■ INPUT DATA
•••
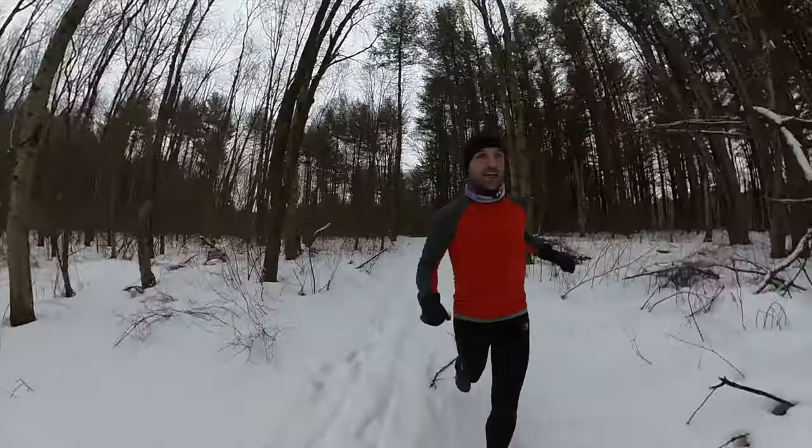Overall, the Insta360 ONE X2 is an awesome camera. I have so much fun using this thing and the possibilities are literally endless. I do have one complaint though — the post processing with the app or on the computer takes a long time. And if you're someone who wants to get footage to YouTube really fast, this process can be really cumbersome unless you use steadicam mode, which bypasses all of that. But in that case, you might as well just get a regular action camera because you're not taking advantage of the 360 camera anymore. Basically every clip you shoot in 360 needs to be processed in the app and then exported to a usable file.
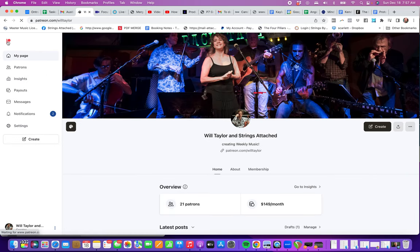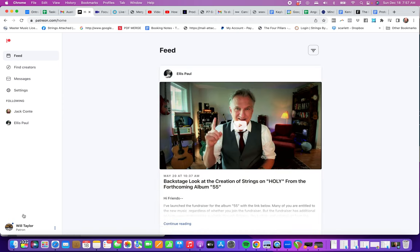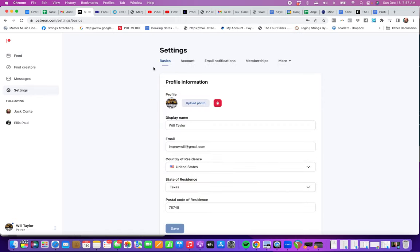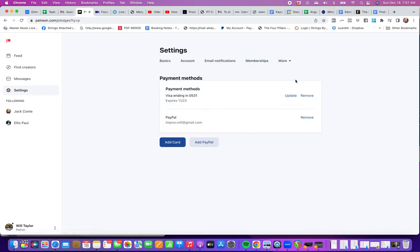Go to patreon.com and make sure down here on the left it says patron. Then go to settings, and you've got memberships right here. Also under More, you have payment methods, so you can remove or update — you see this thing right here that says update.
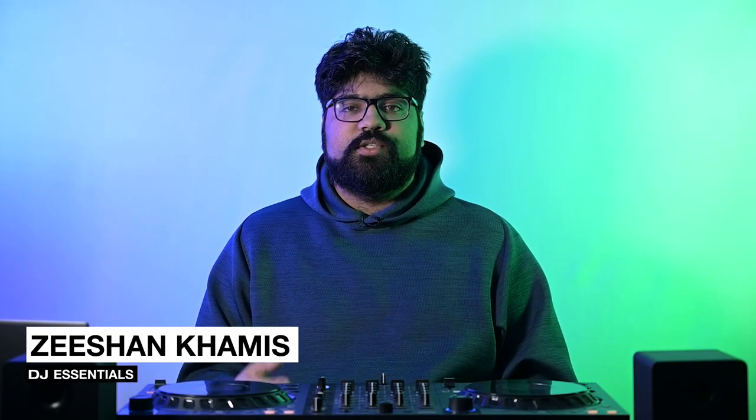Mixing in key, or harmonic mixing, is a DJ technique that allows for smooth transitions between songs that have complementary keys. Keys are basically the main pitches or notes that form the foundation of a song. The benefit of mixing in key is that we ensure our smooth transitions are harmonically sound. Now before we get into any mixing, let's talk about a tool DJs use to easily identify which keys are harmonic to each other: the Camelot wheel.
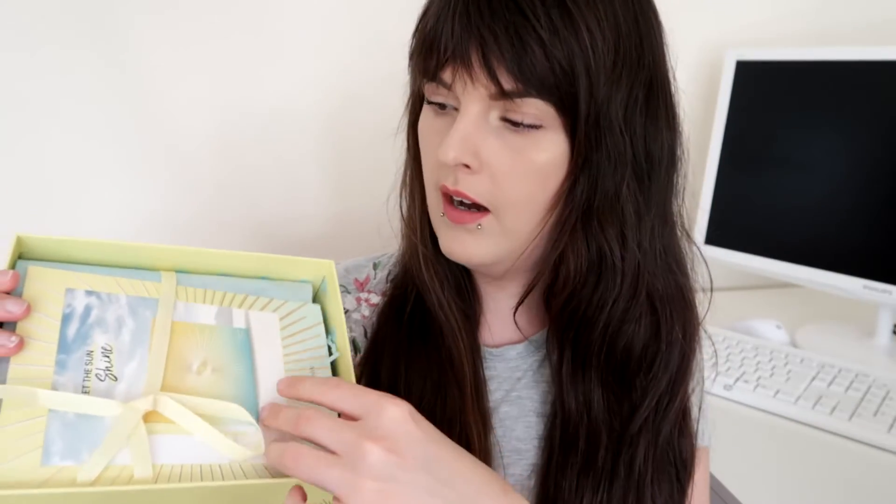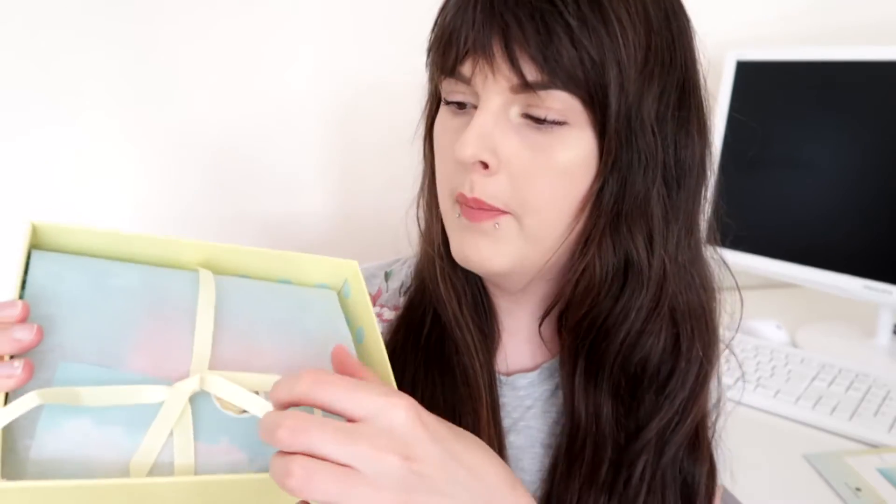Here is the inside with the card that says 'Let the Sunshine', which has the details of the products in this month's box. Inside we've got blue tissue paper and a little yellow ribbon - this would usually be pink and black, so it's nice to have a different color inside, nice and fresh for summer. I'm just going to pick out each item without looking so it's a nice little surprise.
•••
■ PROBLEM TO SOLVE
Pictures should not appear in the copy. Write out exactly the lines above from the first one through the line that contains "Go to patreon.com".

■ TASK ANSWER
Overall, the Insta360 ONE X2 is an awesome camera. I have so much fun using this thing and the possibilities are literally endless. I do have one complaint though — the post processing with the app or on the computer takes a long time. And if you're someone who wants to get footage to YouTube really fast, this process can be really cumbersome unless you use steadicam mode, which bypasses all of that. But in that case, you might as well just get a regular action camera because you're not taking advantage of the 360 camera anymore. Basically every clip you shoot in 360 needs to be processed in the app and then exported to a usable file.
Go to patreon.com and make sure down here on the left it says patron. Then go to settings, and you've got memberships right here. Also under More, you have payment methods, so you can remove or update — you see this thing right here that says update.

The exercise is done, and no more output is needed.